I'm currently trying to compute matrix exponentiation, and for that I use the well known algorithm of exponentiation by squaring.
def mat_mul(a, b):
n = len(a)
c = []
for i in range(n):
c.append([0]*n)
for j in range(n):
for k in range(n) :
c[i][j] += (a[i][k]*b[k][j])
return c
def mat_pow(a, n):
if n<=0:
return None
if n==1:
return a
if n==2:
return mat_mul(a, a)
t1 = mat_pow(a, n//2)
if n%2 == 0:
return mat_mul(t1, t1)
return mat_mul(t1, mat_mul(a, t1))
The problem is that my algorithm is still too slow, and after some research, I found out that it was because contrary to what I thought, the time of matrix multiplication depends on the matrix size and on the numbers in the matrix.

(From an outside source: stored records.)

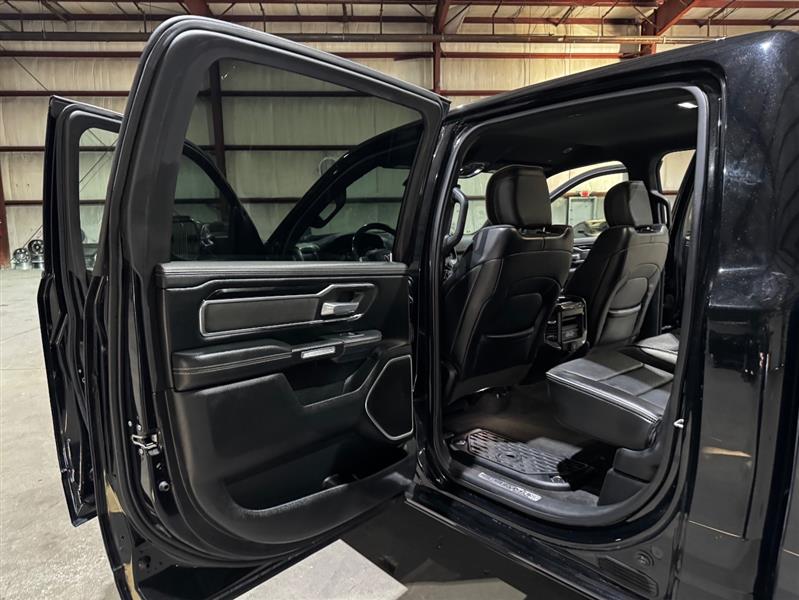 RAM 1500 Laramie Crew Cab SWB 4WD 2021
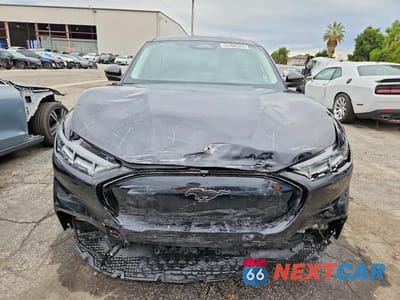 Piąte zdjęcie samochodu w środku: 2023 FORD MUSTANG MACH-E PREMIUM VIN:3FMTK3SU1PMB06940 - miniatura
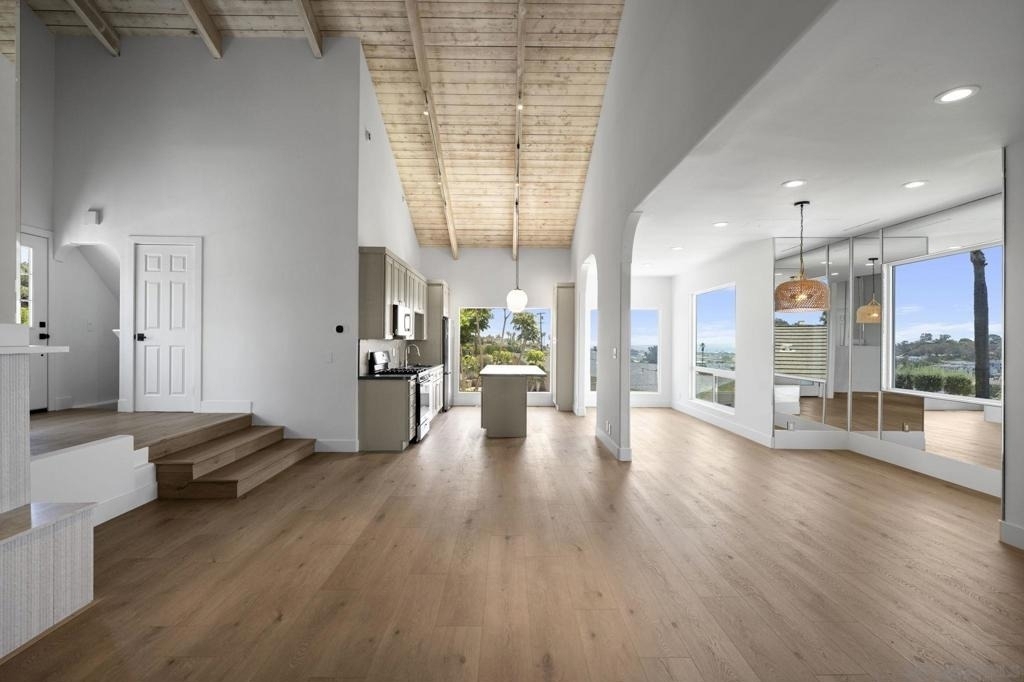 683 Marine View Ave - Photo 3
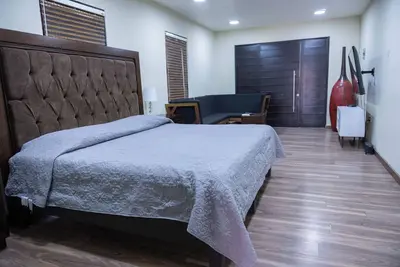Image de Appartement loft moderne pour deux personnes avec facture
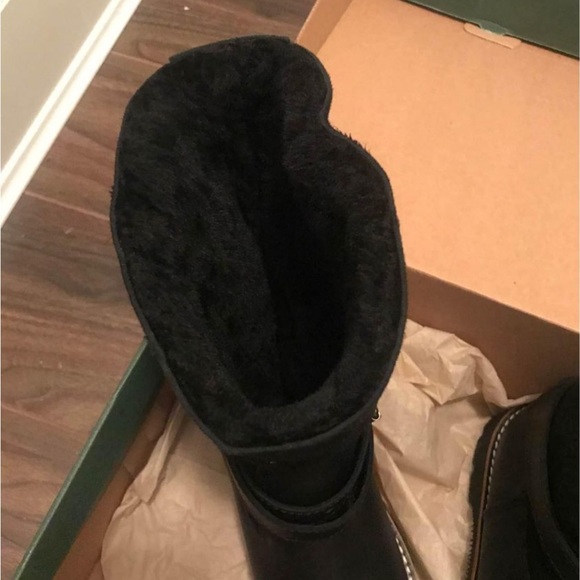 Brand New Roots Boots - Picture 4 of 9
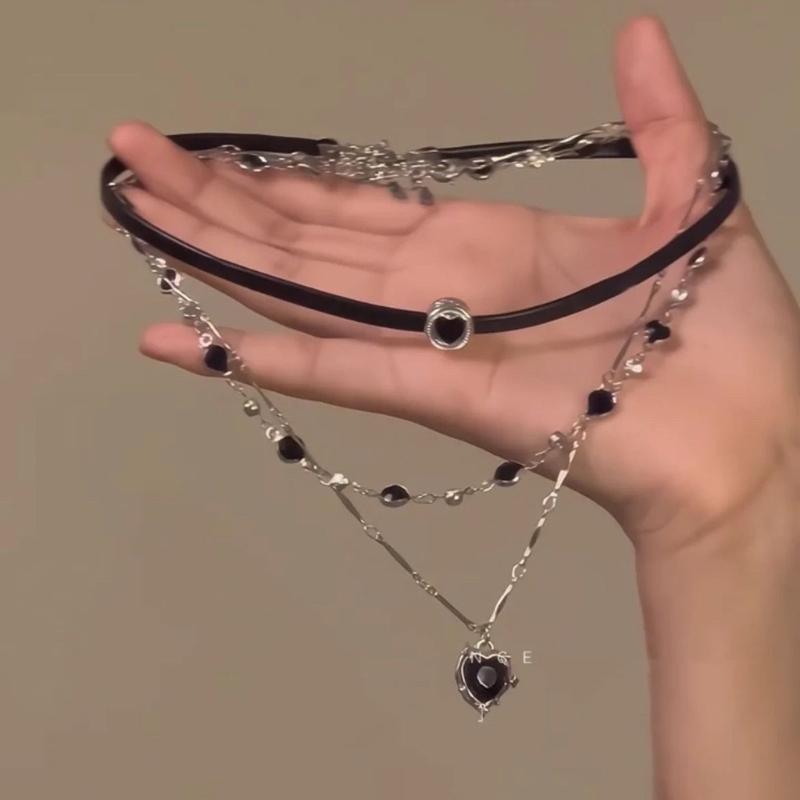 Sweet Cool Aesthetic Stackable Black Rope Necklace with Alloy Heart Charm for Layer Look Enthusiasts
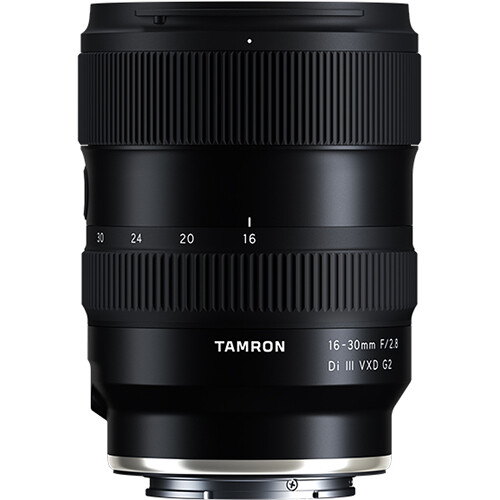 Nahaufnahme des Tamron 16-30mm F2.8 G2 Objektivs für Sony E-Mount, mit deutlich sichtbaren Zoom- und Fokusringen und dem Tamron-Logo.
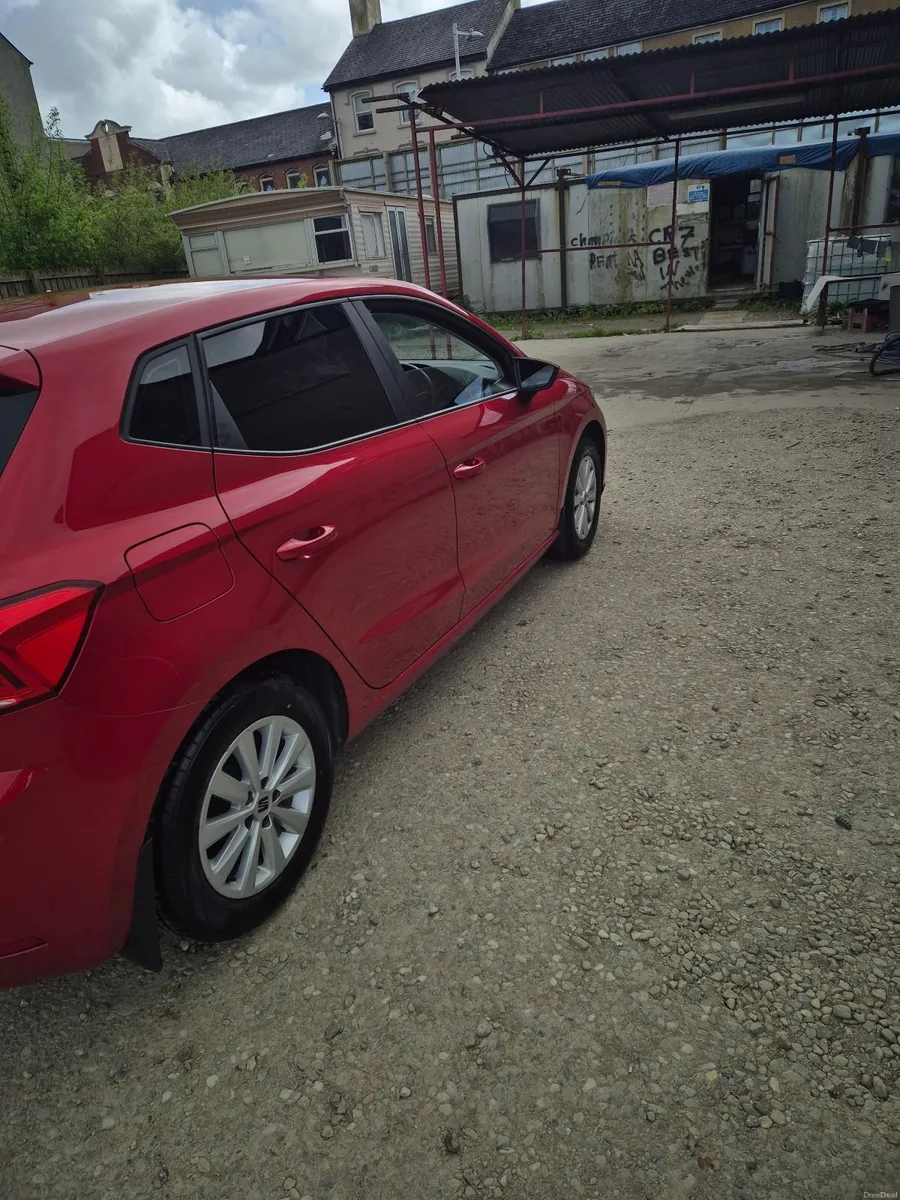 SEAT Ibiza 2023 - Image 4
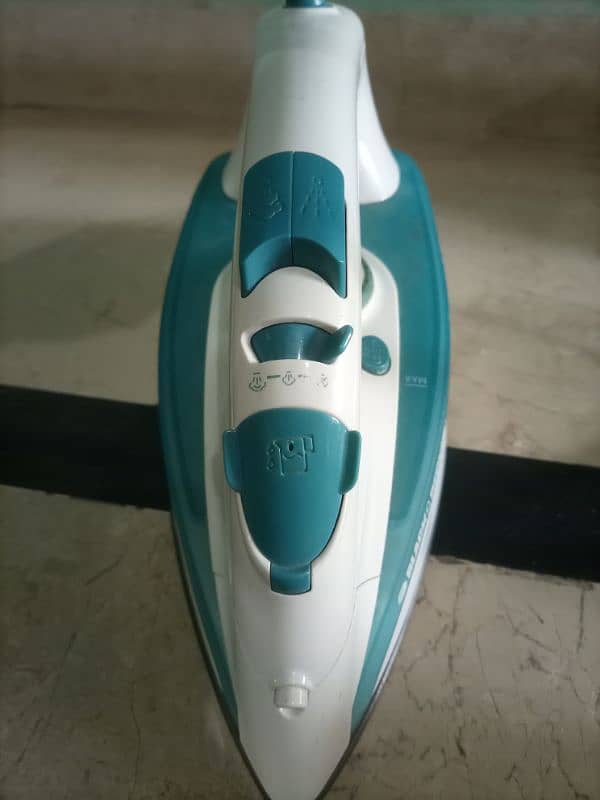 Steam Iron 6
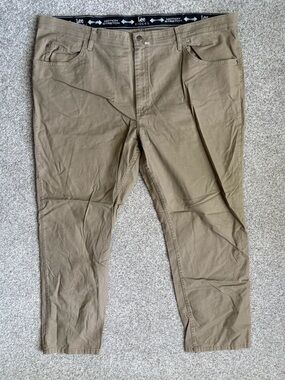 Lee Khakis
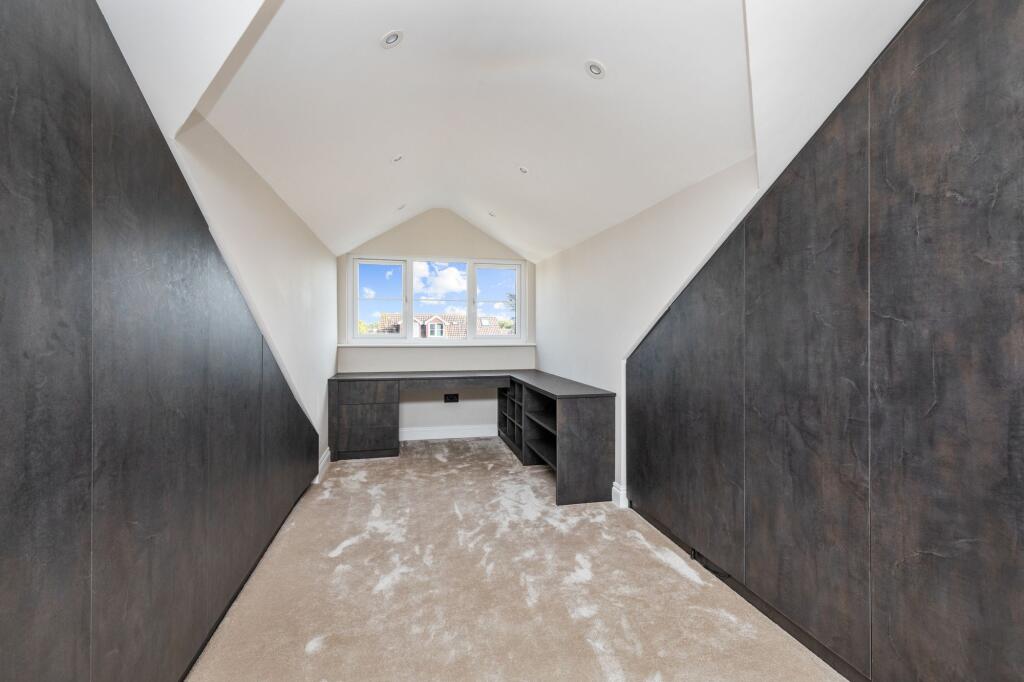 Additional property image - Fontwell Close, Fontwell, BN18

In fact, the numbers in my matrix become very large, so after some time, the multiplication becomes way slower. Typically, I have M, a 13*13 matrix filled with random 1 and 0, and I want to compute M(108). The integers in the matrix can have hundreds of digits. I'd like to know if there is a way to avoid that problem.
I've seen that I could use matrix diagonalization, but the problem is I can't use external libraries (like numpy). So the diagonalization algorithm seems a bit too complicated.